Usually, the changes of the blood flow, metabolic oxygenation, and vascular morphology occur simultaneously under physiological and pathological conditions. For example, the changes of these parameters occur simultaneously during capillary recruitment [13,15]. Reports have shown that diabetes mellitus patients suffer from absence of capillary reserves, due to the changes in oxygen levels (caused by reduced blood flow) and decreased perfusion [14,16,17]. Taking into consideration that the changes of these parameters are interrelated under specific physiological and pathological conditions, an overall quantification of their values would enhance our understanding of the hemodynamic and morphological procedures under changes in metabolic demand. For this goal, a multi-functional technique is needed to simultaneously elicit several blood perfusion parameters (changes in blood flow, changes in hemoglobin concentration and changes in vessel morphology).

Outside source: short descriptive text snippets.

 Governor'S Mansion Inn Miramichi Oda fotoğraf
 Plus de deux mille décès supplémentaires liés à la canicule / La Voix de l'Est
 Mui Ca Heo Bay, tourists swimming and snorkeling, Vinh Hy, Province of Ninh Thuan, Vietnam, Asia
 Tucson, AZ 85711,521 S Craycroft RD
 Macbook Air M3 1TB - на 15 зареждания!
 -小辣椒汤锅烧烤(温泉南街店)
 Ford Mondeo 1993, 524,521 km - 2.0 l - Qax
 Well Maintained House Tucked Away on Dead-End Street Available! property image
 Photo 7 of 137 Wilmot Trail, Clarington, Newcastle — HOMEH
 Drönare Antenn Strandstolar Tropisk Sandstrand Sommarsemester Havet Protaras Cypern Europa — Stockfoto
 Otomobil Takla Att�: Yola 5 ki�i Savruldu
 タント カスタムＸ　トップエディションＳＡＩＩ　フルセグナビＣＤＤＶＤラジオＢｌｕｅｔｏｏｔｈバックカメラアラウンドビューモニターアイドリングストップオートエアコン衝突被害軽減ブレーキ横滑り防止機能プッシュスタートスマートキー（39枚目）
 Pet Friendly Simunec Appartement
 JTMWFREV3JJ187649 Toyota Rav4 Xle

Optical imaging techniques are sensitive to several optical parameters, such as scattering and absorption, which if combined with the Doppler effect [1822], allows for the measurement of the changes of blood flow, concentration of hemoglobin, and morphology of blood vessels. Photo-acoustic microscopy (PAM) [22] has the capability for detecting several blood perfusion parameters; however, it requires to be in contact with the sample of interest, which carries risks. Laser Doppler imaging [23] and single wavelength laser speckle contrast imaging (LSCI) [2426] can measure the relative changes of blood flow, but are not capable of imaging changes in oxygenation and morphology of the microcirculation network with high resolution. Near-infrared spectroscopy (NIRS) can non-invasively measure the changes in hemoglobin oxygenation [27], but is difficult to provide the information about the blood flow and the morphology of the blood vessels.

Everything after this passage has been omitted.